The devolution reached a climax in the constitution adopted in 1974, which virtually transformed Yugoslavia into confederation. The authority retained by the center was further restricted and confined mainly to the fields of foreign policy, defense, and the protection of national rights.60 The principle of proportional representation in federal appointments was abandoned in favor of complete equality between the constituent entities61 regardless of the population size. In short, the smaller subjects of the federation were highly overrepresented, while the larger ones were acutely underrepresented. The legacy of ethnofederalism thus had three main consequences: the demise of the authority of the center which effectively put an end to the federal protection of the rights of minorities and provided incentives for the local politicians to exploit ethnic resentments; it prevented the formation of coalitions across ideological lines that could help to consolidate the dissolving federation; and it also blocked the possibility of coalitions across regional lines (Crawford and Lipschutz 1998: 238–39). The gates were opened wide for ethnic violence to enter the political scene.

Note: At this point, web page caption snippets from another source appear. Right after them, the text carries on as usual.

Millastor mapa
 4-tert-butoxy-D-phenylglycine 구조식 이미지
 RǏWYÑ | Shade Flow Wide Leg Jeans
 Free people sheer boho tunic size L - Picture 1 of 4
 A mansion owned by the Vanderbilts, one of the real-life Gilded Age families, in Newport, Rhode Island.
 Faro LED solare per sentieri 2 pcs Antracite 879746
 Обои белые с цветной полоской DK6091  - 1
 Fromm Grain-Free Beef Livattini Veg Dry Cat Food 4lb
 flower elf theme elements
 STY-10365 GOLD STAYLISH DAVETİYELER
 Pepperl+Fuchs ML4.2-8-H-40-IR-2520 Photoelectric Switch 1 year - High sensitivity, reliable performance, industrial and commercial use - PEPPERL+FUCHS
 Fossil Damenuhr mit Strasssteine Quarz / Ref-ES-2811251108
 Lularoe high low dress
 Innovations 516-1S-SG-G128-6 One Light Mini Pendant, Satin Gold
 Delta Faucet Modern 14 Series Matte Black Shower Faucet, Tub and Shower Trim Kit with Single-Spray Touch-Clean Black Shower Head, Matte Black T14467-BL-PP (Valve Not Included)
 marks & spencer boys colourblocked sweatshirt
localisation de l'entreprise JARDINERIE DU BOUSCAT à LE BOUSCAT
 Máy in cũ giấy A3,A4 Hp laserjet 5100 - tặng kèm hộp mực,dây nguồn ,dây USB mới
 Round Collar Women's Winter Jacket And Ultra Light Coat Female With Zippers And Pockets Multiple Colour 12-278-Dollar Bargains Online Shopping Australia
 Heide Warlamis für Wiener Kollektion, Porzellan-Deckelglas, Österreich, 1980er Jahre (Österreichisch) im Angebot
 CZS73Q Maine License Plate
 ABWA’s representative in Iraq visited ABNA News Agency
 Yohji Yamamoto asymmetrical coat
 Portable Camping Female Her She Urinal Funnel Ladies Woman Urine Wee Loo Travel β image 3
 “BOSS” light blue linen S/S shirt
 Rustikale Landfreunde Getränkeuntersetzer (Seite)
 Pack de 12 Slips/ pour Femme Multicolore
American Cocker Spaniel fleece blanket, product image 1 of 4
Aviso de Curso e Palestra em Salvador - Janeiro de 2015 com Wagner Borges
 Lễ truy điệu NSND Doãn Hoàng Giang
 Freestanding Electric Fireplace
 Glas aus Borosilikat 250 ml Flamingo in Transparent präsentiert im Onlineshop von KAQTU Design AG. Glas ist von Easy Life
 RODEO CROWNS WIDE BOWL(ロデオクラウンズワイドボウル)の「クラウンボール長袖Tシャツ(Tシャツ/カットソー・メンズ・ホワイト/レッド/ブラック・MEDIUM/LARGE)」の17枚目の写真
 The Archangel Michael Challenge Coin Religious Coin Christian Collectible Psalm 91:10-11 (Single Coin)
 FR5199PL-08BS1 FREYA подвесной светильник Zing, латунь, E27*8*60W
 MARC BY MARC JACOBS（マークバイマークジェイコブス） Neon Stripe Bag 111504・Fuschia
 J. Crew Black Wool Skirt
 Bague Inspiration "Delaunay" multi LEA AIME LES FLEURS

1.3 The Bulgarian ethnic models
We can distinguish between four models of ethnic relations,62 consolidated through the legislation, which existed in Bulgaria after its liberation in 1878 from the Ottoman yoke.63 The chief mark of the government policies toward minorities until 1989 was their highly contradictory character. One of the invaluable lessons from the analysis of the collapse of the Yugoslav federation is that, in general, the conflict potential of ethnic identity can be unlocked and storm out of control when it becomes a criterion that determines access to (power) resources, i.e., when identity is politicized. Such politicization was present in all three models before 1989. The first of them, “the archetype,” operated until 1944. Although some scholars claim that it was designed “to ensure the rights and freedoms of all ethnic groups and confessions” (Aresnova and Kertikov 2002), the reality was different.
As it is apparent from Table 1, the two largest minorities in the country since 1878 have always been the Turks and the Roma. As a whole the minorities did not have their own, significant presence in the political process until 1944, perhaps, even until 1989. Indeed, in the Constituent Assembly (February 10, 1878–April 18, 1879)—the first Bulgarian Parliament after 1878, there were 16 representatives of ethnic/religious minorities (12 Turks, 2 Greeks, 1 Jew, and 1 Bulgarian Protestant), or 6.9% of all members of the Assembly (Todorov 2010: 270). Nonetheless, this in fact was a confirmation of “the unwritten rule” that minorities might participate in politics but only as members of Bulgarian parties (Nazurska 1999: 19–22). After the term of the Constituent Assembly ended, the situation changed. There were no more Jewish or Greek members of the parliament.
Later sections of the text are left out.